The Polish city that emerged from mining wants to become a spa again

The motto “there is no freedom without solidarity”, which has transcended Polish borders and its union struggles led by Solidarność (whose story began in the Gdańsk shipyards), still resonates in today’s thriving Poland, which does not forget the mining struggles against Communist regime. In full conflict with Brussels on its many fronts, from the judicial to climate change, Polish Prime Minister Mateusz Moraviecki, accompanied by Piotr Duda, leader of the historic Polish union Solidarność, honored last Friday the 41st anniversary of the Jastrzebie Agreement, in the town Jastrzębie-Zdrój (in southern Poland), a prelude to the fall of communism.

In 1980, the Upper Silesian town was the scene of massive strikes in the mining sector that forced the communist government to improve the working conditions of miners with measures ranging from wage increases to weekends off. «If the mine had not gone on strike, if other plants had not gone on strike because of it, would Solidarność have arisen? I do not think so. Of course, we will never know, but it is the fact that one plant after another rose with similar postulates; This made them stronger, bigger and more powerful. This fact caused the whole of Poland to become ground for the Solidarity Uprising that the communist authorities could no longer extinguish,” Prime Minister Morawiecki said in his speech in front of the monument erected in honor of the protests.

From a small town of barely 5,000 inhabitants in the mid-20th century, dedicated to the spa since 1860, mining made Jastrzębie Zdrój grow almost from nothing. Right on the border with the Czech Republic, in three decades it became one of the cities (90,000 inhabitants) with the highest per capita income in the country.

Between the 60s and 70s, the construction of mines began, up to a total of five, and housing developments for displaced people from other regions attracted by the great working conditions. In the last decade, the unemployment rate in the town has fallen from 8.9% to 5.7%. Currently, more than 20,000 of the city’s inhabitants work in the mines

“Here more than one misses communism”

However, the legacy of the past hinders the economic transformation of the area, which sees no other horizon than that of coal. “Here more than one misses communism,” says the president of the municipality Anna Hetman. Not in vain, Hetman emphasizes, “in the communist era, miners had a lot of profits and even received apartments for settling here.” «The high salaries and job security of the sector are reducing people’s creativity and causing them not to be interested in starting their own business. Added to the dependence on the mining sector, the cultural and family model where the husband works and the wife works as a housewife is causing the depopulation of the region,” she adds.

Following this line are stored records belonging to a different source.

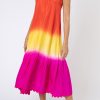 Dresses Juliet Dunn | Sunset Silk Ombre V Neck Midi Dress Red Yellow Fuchsia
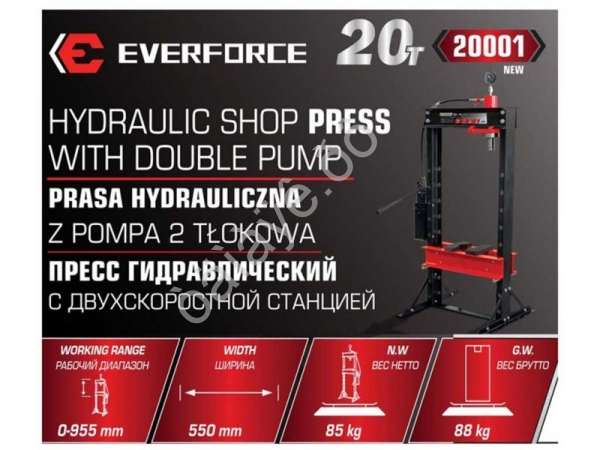 Пресс гидравлический с двухскоростной станцией, 20т Everforce (20001)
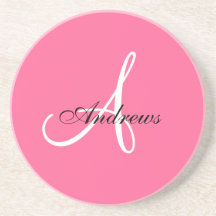 Monogramme un rose de caboteur d'anniversaire de m dessous de verres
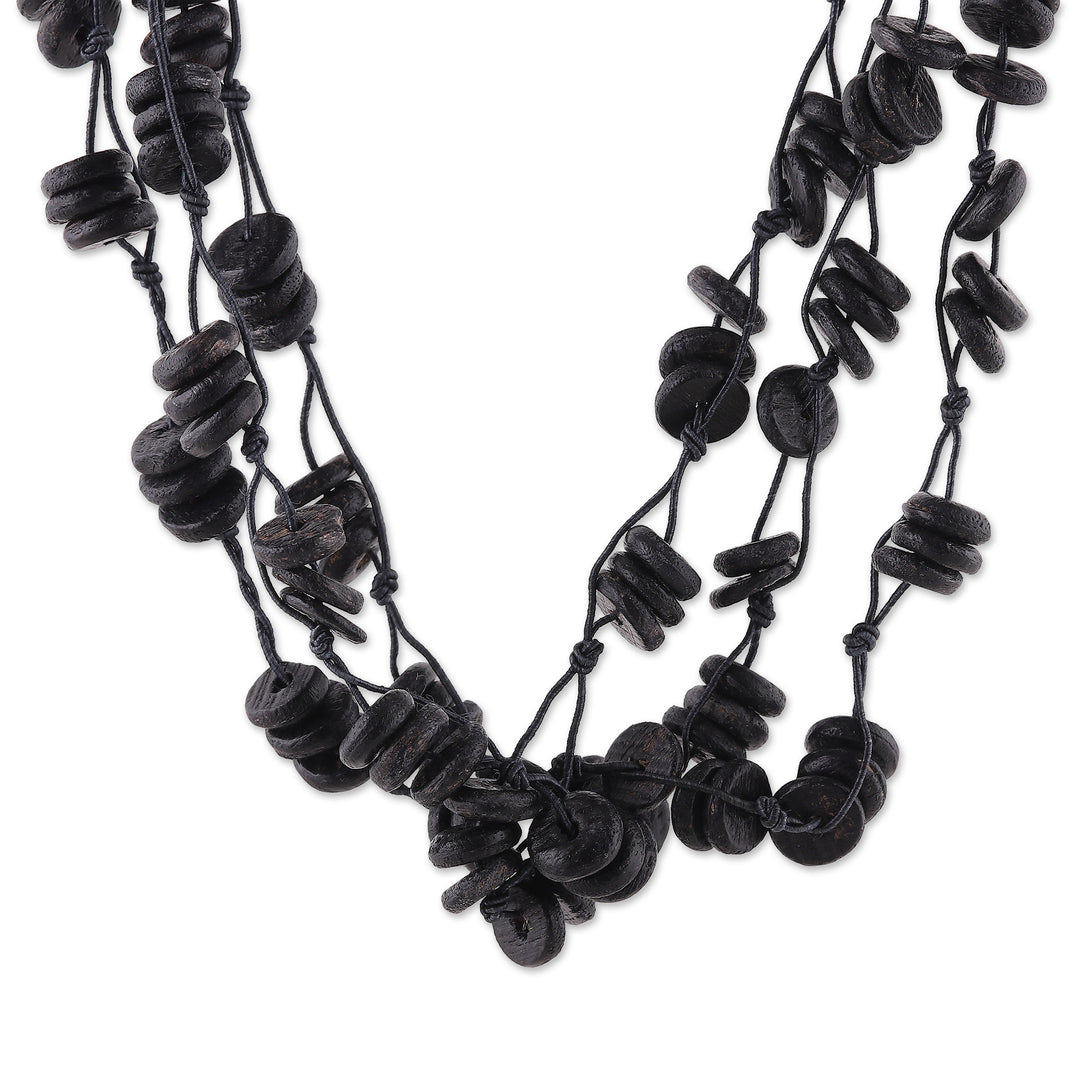 Handcrafted Haldu Wood Beaded Three-Strand Necklace in Black - Midnight Loops
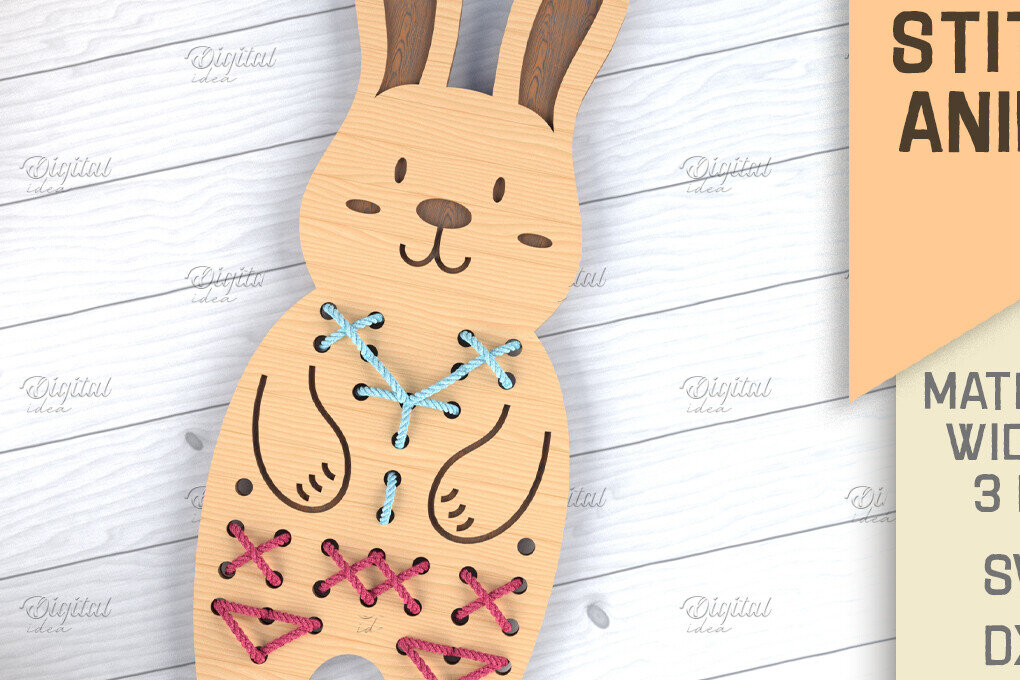 Intra απο ξύλο plywood  Χρώμα wenge 3mm-4mm πάχος - Cross Stitch Animals LaserCut. Μπάνι Δίασταση 15x15 cm INTRAFABR-122623942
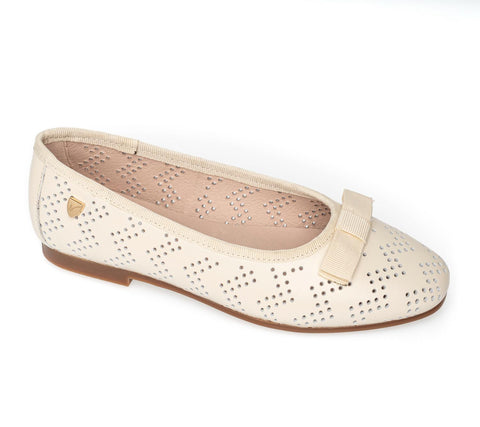 Venettini Cream Perf Ballet Flat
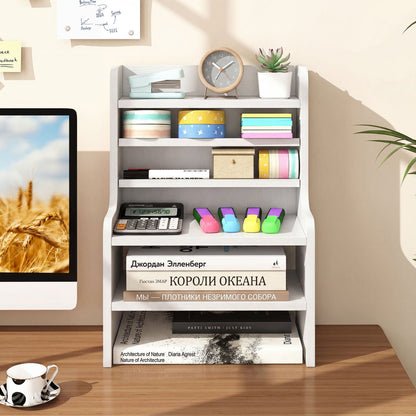 Desktop Organizer 6-Tier Mini Storage Rack with 2 Removable Shelves, White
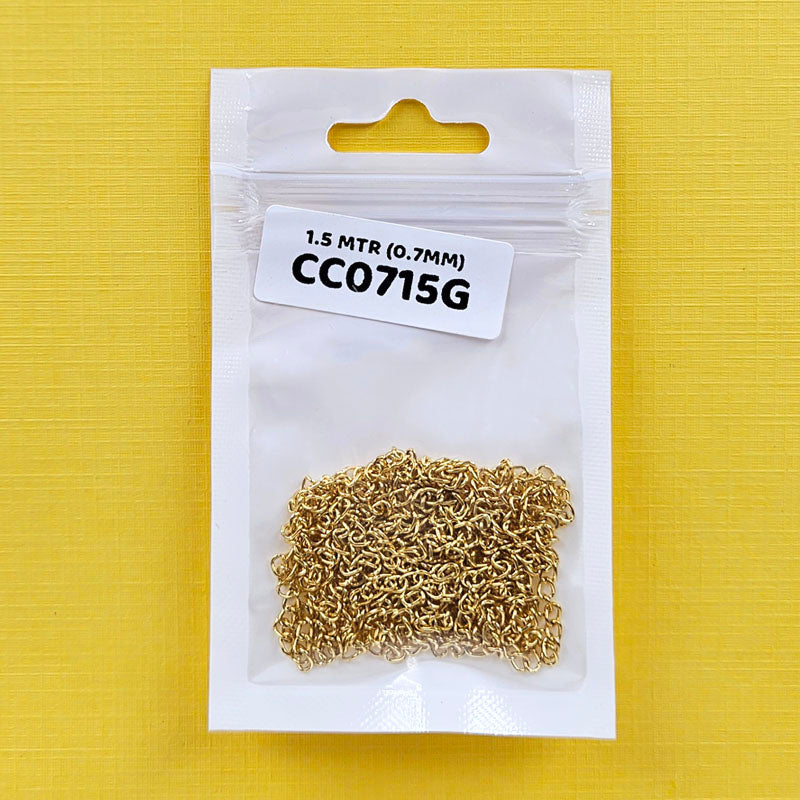 CC0715G CHAIN 1.5MTR GOLD 0.7MM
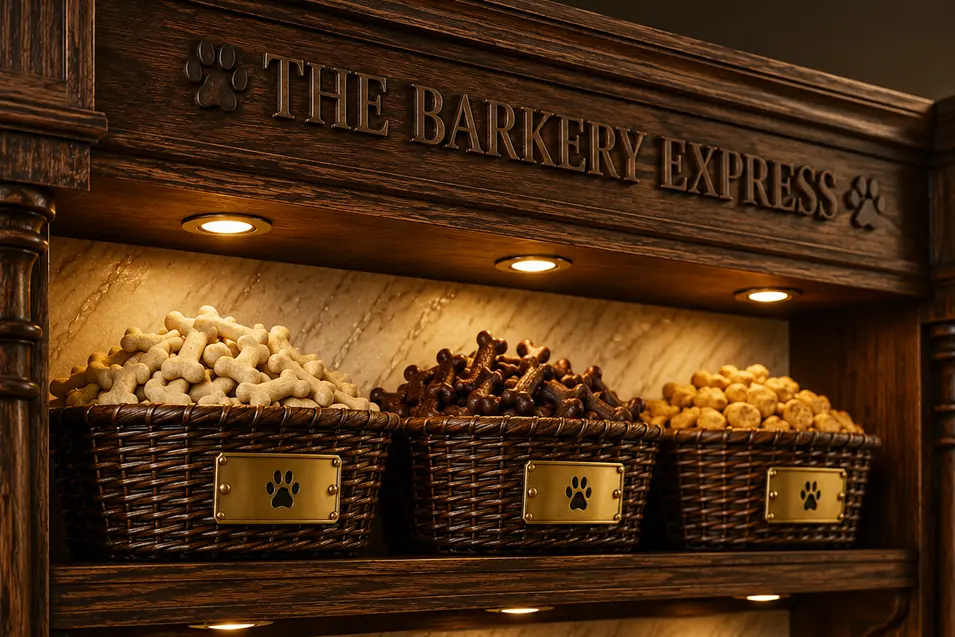 Angled close-up of The Barkery Express showcases handcrafted walnut, carved signage and baskets of gourmet dog treats under warm boutique lighting.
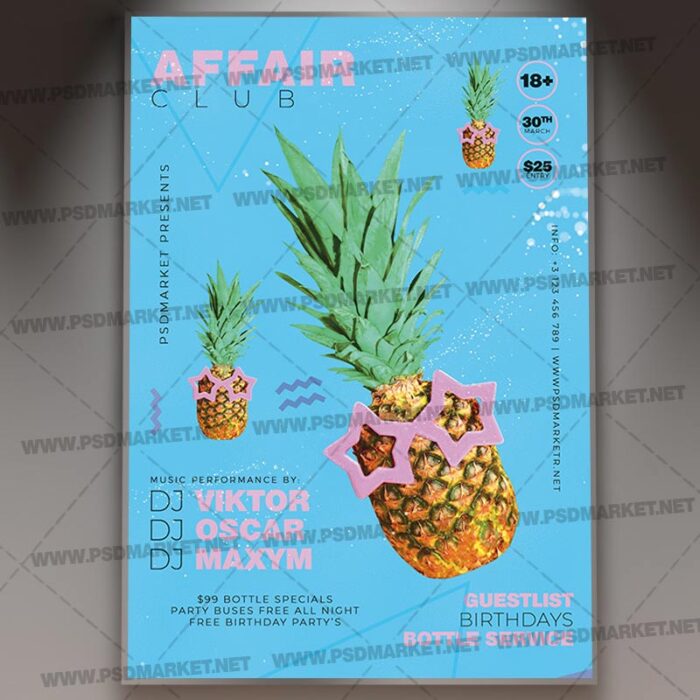 Download Club Affair Flyer - PSD Template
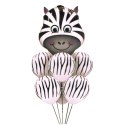 Balon zebra foliowy 60x70cm + 6 balonów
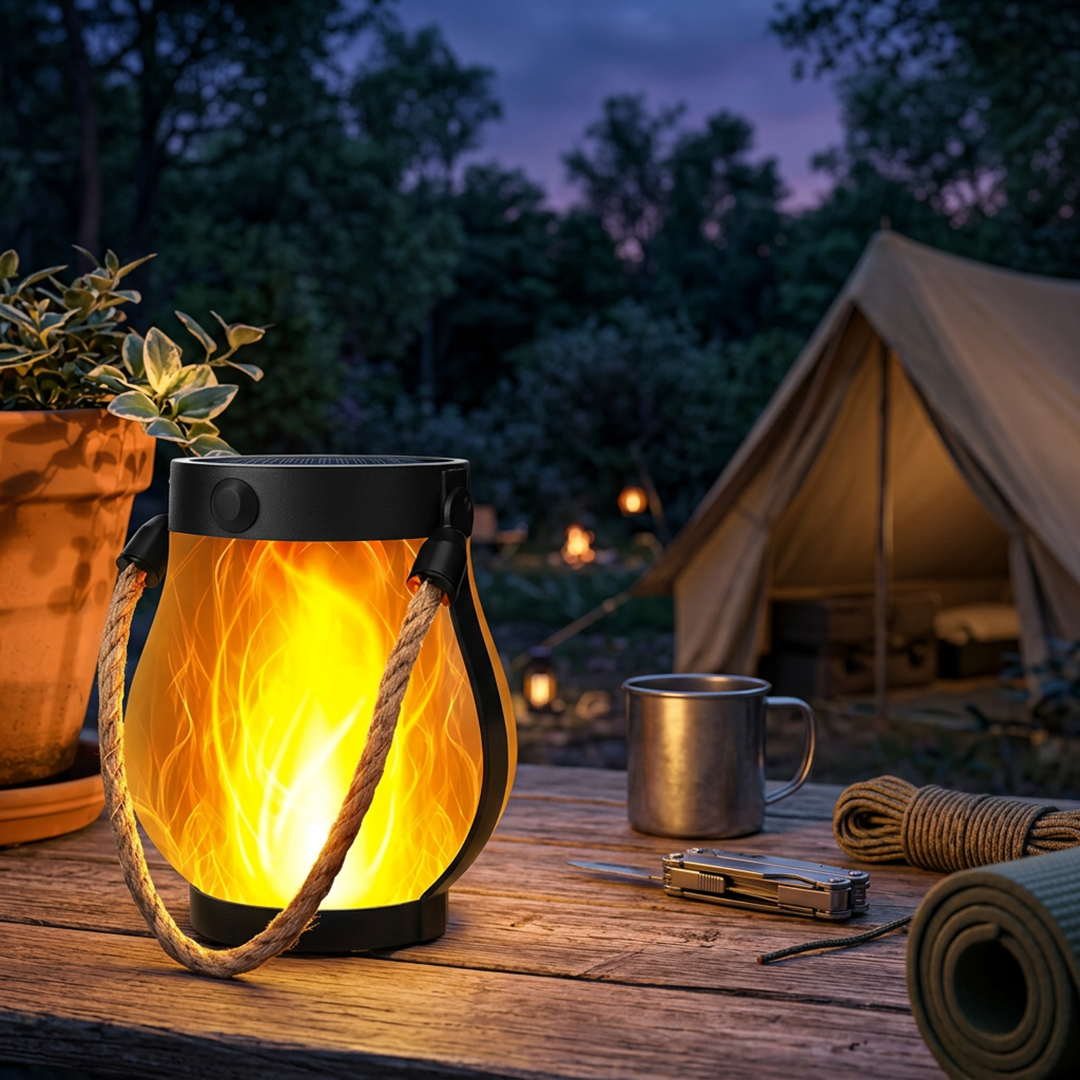 Hemp Rope Solar Lanterns with Flame Design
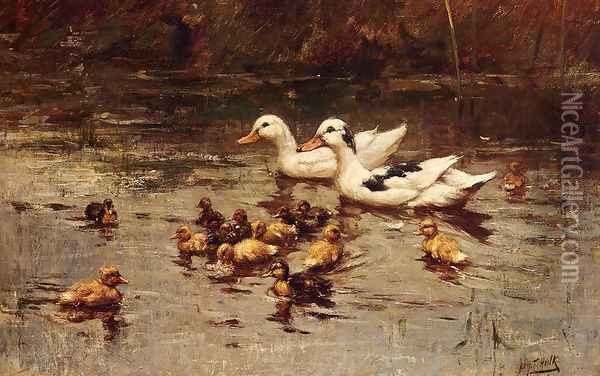 Ducks Having A Swim Oil Painting - Johannes Frederik Hulk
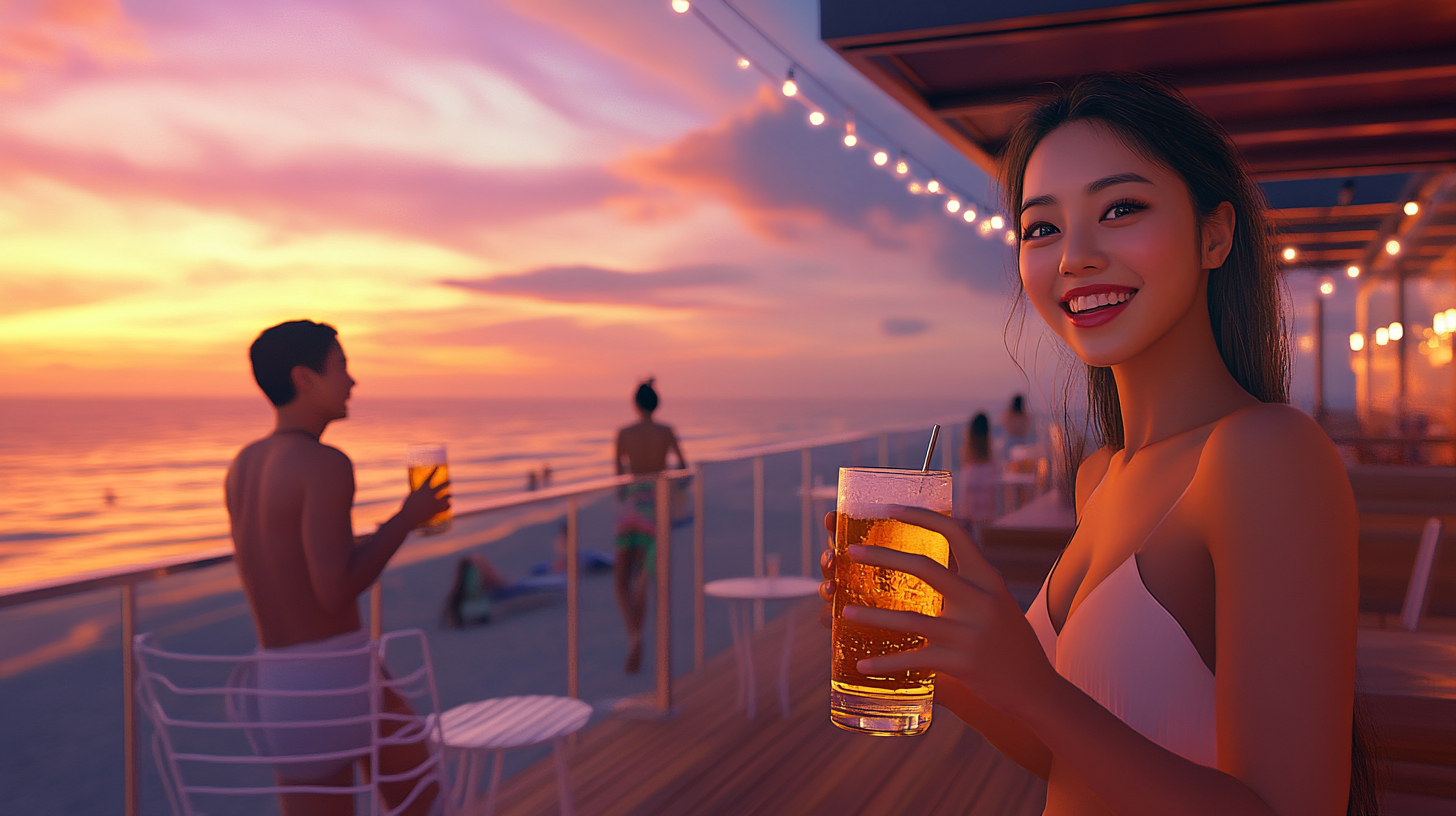 부산 해운대의 펜션에서 여유를 즐기고 있는 여성과 남성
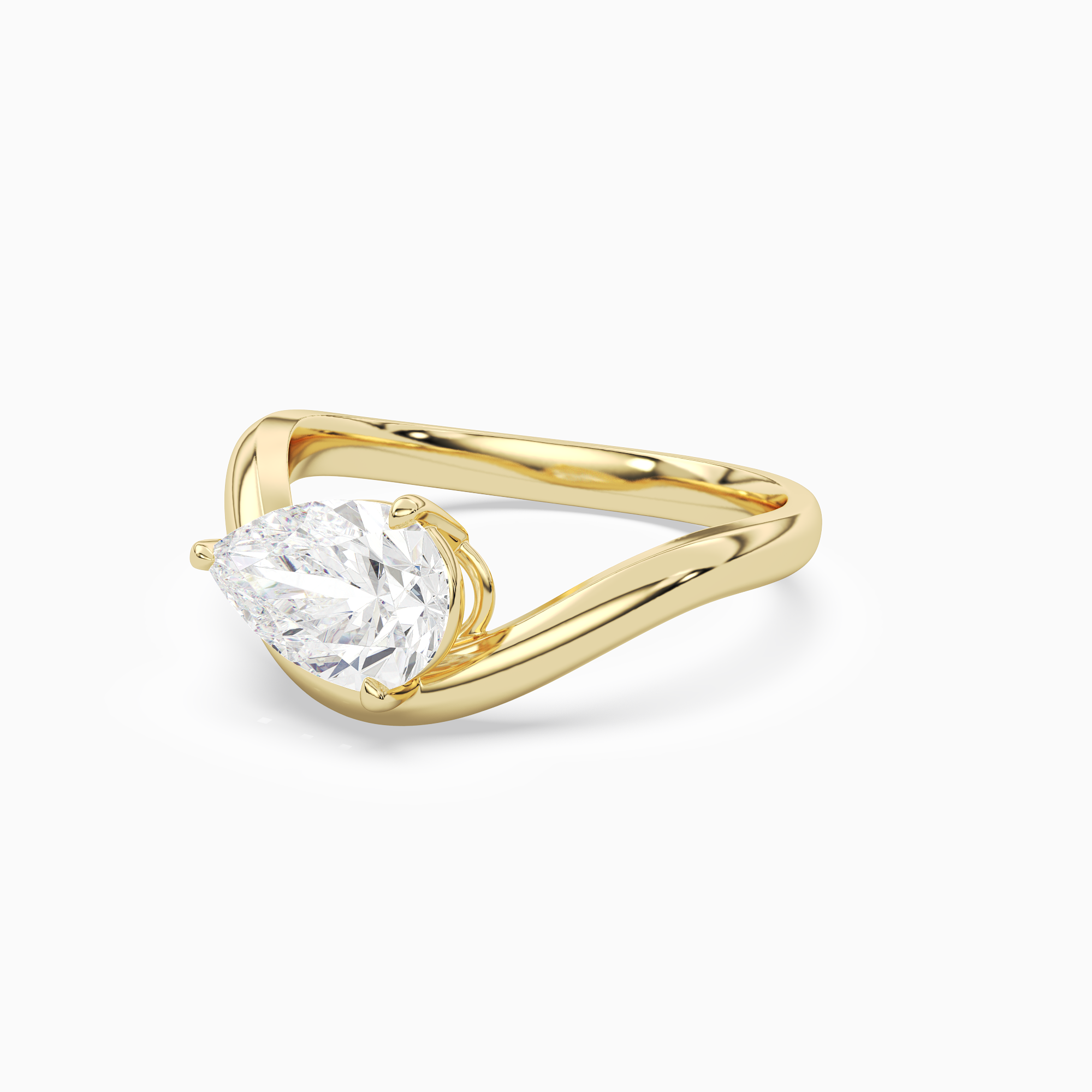 Pear Soft Bypass Solitaire in 14K Yellow Gold top angle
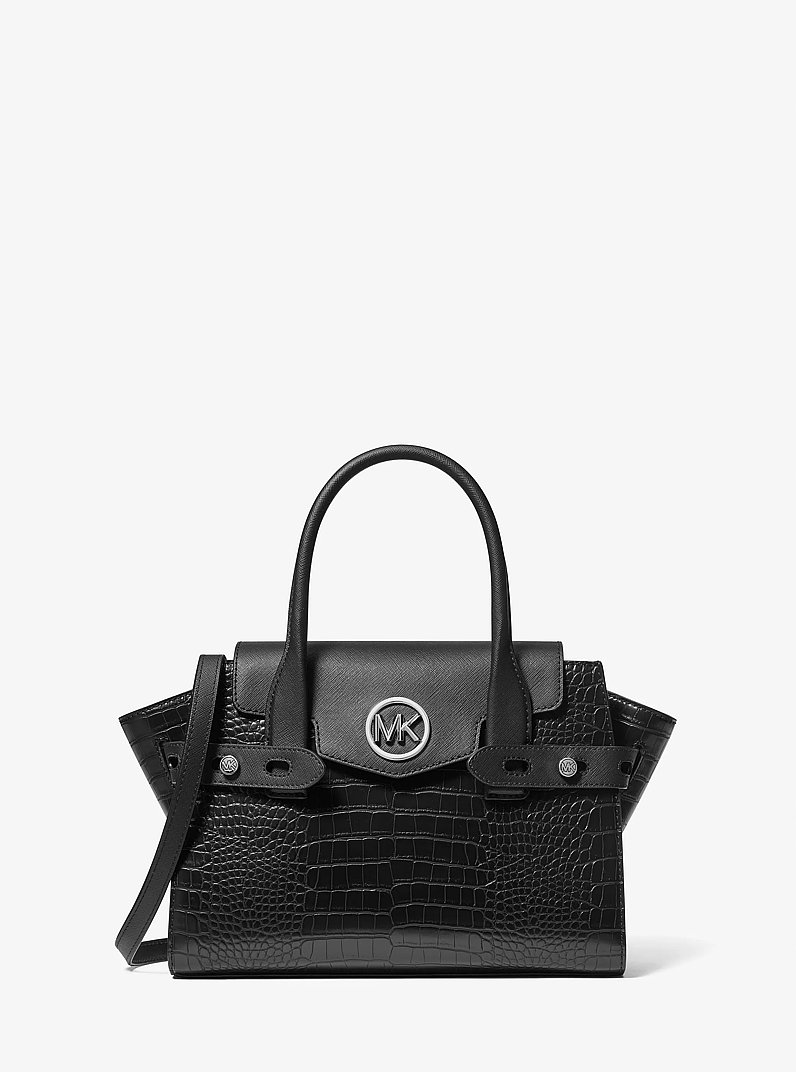 Carmen Medium Crocodile Embossed Belted Satchel | Michael Kors [US]
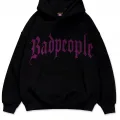 Badpeople Pembe Taş Baskılı Oversize Unisex Kapüşonlu Sweatshirt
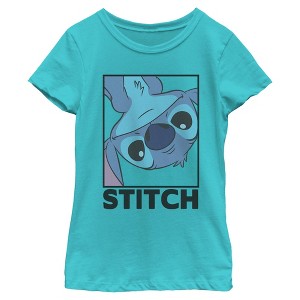 Girl's Lilo & Stitch Peekaboo Stitch Portrait T-Shirt - 1 of 4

Coking coal – used for steel production and which is the majority in the municipality – has been declared a strategic resource of the European Union, so the transition is expected to be slower than that of hard coal. Although the horizon is 2050, the town’s mayor intends to use the Just Transition Fund to diversify the local economy. However, the opening of new mines and the granting of new mining licenses by the Polish authorities would mean, as European sources explain to this newspaper, that the allocation reserved for the region from the brand new Just Transition Fund, with a global budget of 17.5 billion euros and a key element of the Green Deal for mining regions, does not reach Upper Silesia.

The city council is now seeking to rescue its stage as a spa town, a condition lost in 2007, to diversify the economy in the face of a potential decline in its mining. This town was among the seven with the highest mortality rate from contaminated air particles in Europe, according to a study by The Lancet.

Just Transition Fund

The city wants to support the miners who will be forced to change industries, new technology companies will be established in the area and the offer of tourist services associated with the hot springs will be significantly expanded. «The problem is the opening of new mines and it is impossible to block the concessions in the Ministry of Climate. This can exclude entire subregions from applying for funds. The Commission’s position is unequivocal: an open mine disqualifies the entire subregion,” they say from Jastrzebie-Zdroj.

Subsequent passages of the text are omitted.